Exercise data ->
------
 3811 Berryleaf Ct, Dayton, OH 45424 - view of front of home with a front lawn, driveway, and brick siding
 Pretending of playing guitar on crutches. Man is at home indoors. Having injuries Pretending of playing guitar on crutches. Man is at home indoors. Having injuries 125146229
------
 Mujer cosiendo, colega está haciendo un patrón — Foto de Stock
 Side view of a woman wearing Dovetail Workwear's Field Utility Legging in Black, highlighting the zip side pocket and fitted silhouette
------
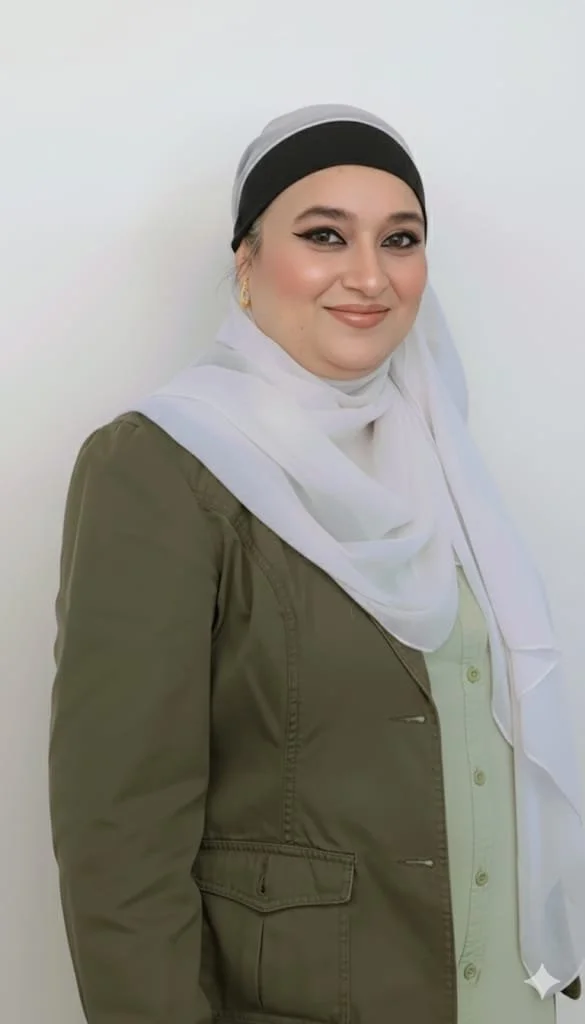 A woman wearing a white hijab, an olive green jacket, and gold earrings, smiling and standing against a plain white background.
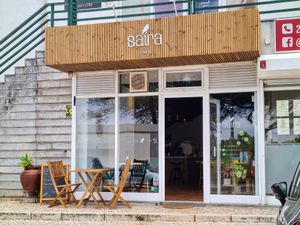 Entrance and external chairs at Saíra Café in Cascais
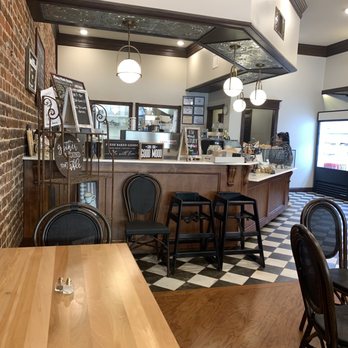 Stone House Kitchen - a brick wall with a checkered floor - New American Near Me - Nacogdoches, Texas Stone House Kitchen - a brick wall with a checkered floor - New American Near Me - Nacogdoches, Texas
------
Task directions ->
From the material above, reproduce only what runs from the line holding "Entrance and external" down to the line holding "Nacogdoches, Texas Stone", both included, pictures excluded.

Answer for this exercise ->
 Entrance and external chairs at Saíra Café in Cascais
 Stone House Kitchen - a brick wall with a checkered floor - New American Near Me - Nacogdoches, Texas Stone House Kitchen - a brick wall with a checkered floor - New American Near Me - Nacogdoches, Texas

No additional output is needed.